傳言傳言,傳來傳去的言論,比劉衍想象的還要快,不光光是皇宮傳遍了,就連東宮和各大官員的府邸都傳遍了。

楚沉夏與劉衍各坐胡榻一旁,兩人噤聲不語,隻顧翻動桌上厚厚的幾本冊子,上麵記錄了這個月太醫院所有太醫的出入和藥材的使用情況。
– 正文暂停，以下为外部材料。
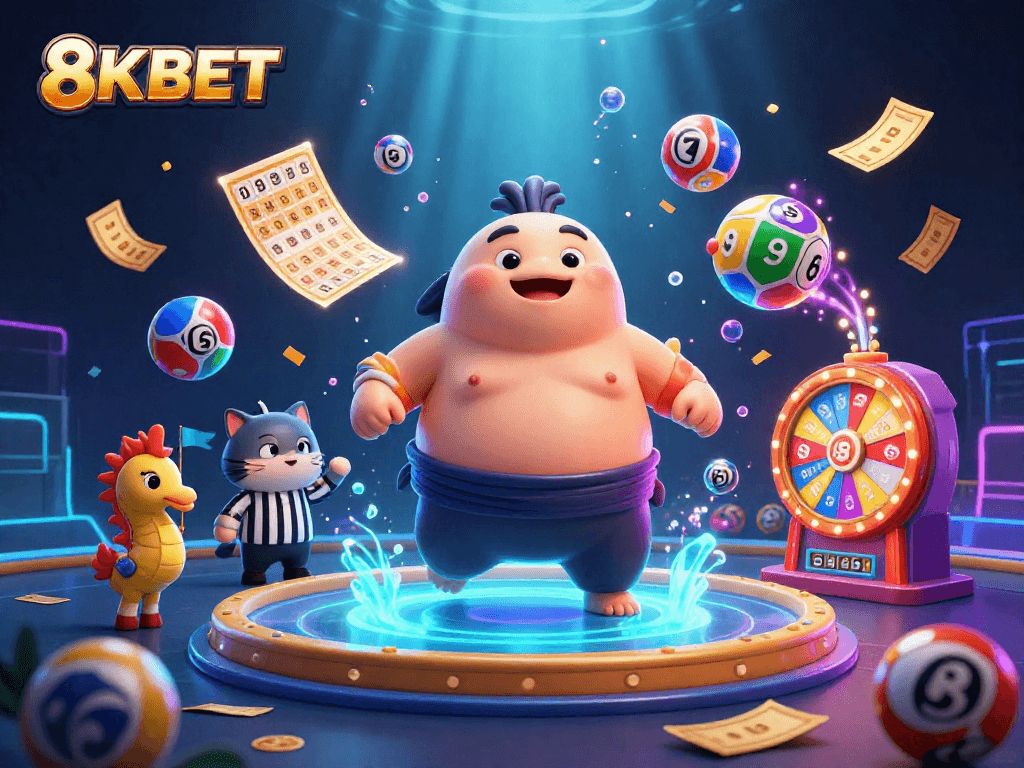 Engage with 8KBET featuring fun 3D cartoon casino elements in an underwater scene.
真相或許就藏在這些平靜的文字之下,隻是這般查找,未免有些困難,連著翻看了幾個時辰,楚沉夏的眼睛就有些受不了了。

目光所及之處,都是重影,他看一頁記錄,就要揉好幾次眼睛,劉衍見他如此艱難,不由勸道:“算了,你這個進程還沒有我的一半呢,放著我來看吧。”

楚沉夏自然不聽勸,可是越到後來,字越發的花,無論揉幾次都看不清楚,隻好就此作罷。

“我方才所看,出入太醫院最勤快的一個人就是徐之才,另外一個就是許昌如,這兩人,一個是右院判,一個是經曆兩個朝代的老禦醫。”楚沉夏換了個舒服的姿勢,看著劉衍道。

劉衍聞聲並未抬頭,一麵繼續翻看,一麵說道:“我這裏看下來,發現半容新添的幾味藥並不常用,可見是稀有之物,這個月除了半容的方子,還沒有看到別人使用。”

“半容的方子應該是沒有問題的,重要的是宮女所說的那股香氣,顯然是被人加了什麽,或許這件事與太醫院無關,反倒是那些有機會接觸旭王藥材的人十分可疑。”楚沉夏睜眼閉眼,反複循環,試圖想看清眼前的事物。

劉衍停下翻書的動作,起身扭頭伸展筋骨,吐氣道:“無論是哪一種,我都要仔細地去查,現在我已經推斷出凶手的謠言四起,想必凶手已經坐立不安,又或許心存僥幸,想要以不變應萬變,不管怎麽樣,他總會露出一絲馬腳的。”

劉衍說完,見楚沉夏隻顧眨眼,並不回應,有些好笑道:“沉夏,你在幹什麽呢?最近,我總覺得你常常靈魂出竅,聽不見我說話。”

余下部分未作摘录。